* Dataset content
______

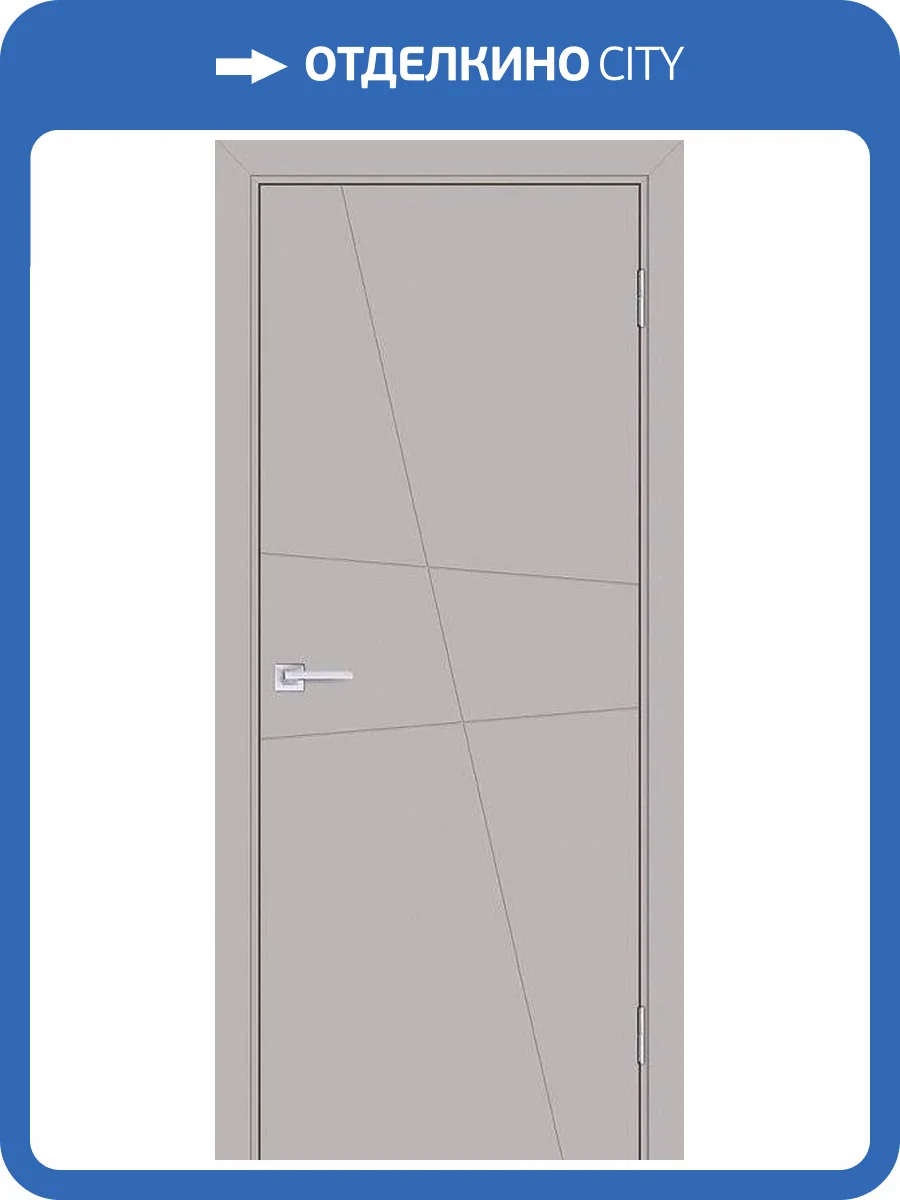 Межкомнатная дверь эмаль Текона Смальта-line 02, глухая, Ral 7044 агат 800x2000 фото 2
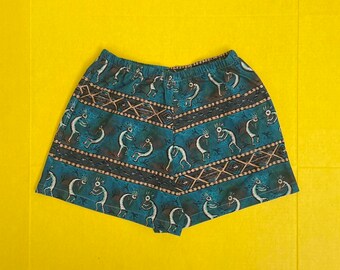 Up Cycled, Repurposed Fabric, Handmade Shorts, Kokopelli,  Print,  Blue Green, Brown Women  Cotton Shorts, Size  Medium OOAK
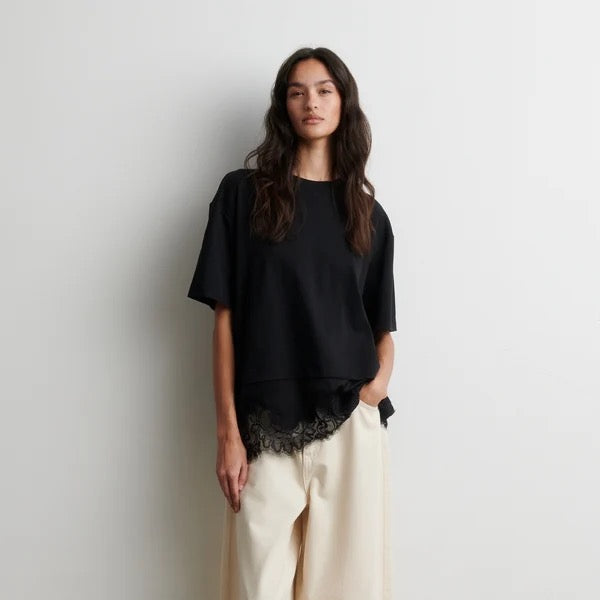 Vaccara Lace Tee - Black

______

* What the task requires
Please give the data again unaltered, leaving out any images.

* Completed task
 Межкомнатная дверь эмаль Текона Смальта-line 02, глухая, Ral 7044 агат 800x2000 фото 2
 Up Cycled, Repurposed Fabric, Handmade Shorts, Kokopelli,  Print,  Blue Green, Brown Women  Cotton Shorts, Size  Medium OOAK
 Vaccara Lace Tee - Black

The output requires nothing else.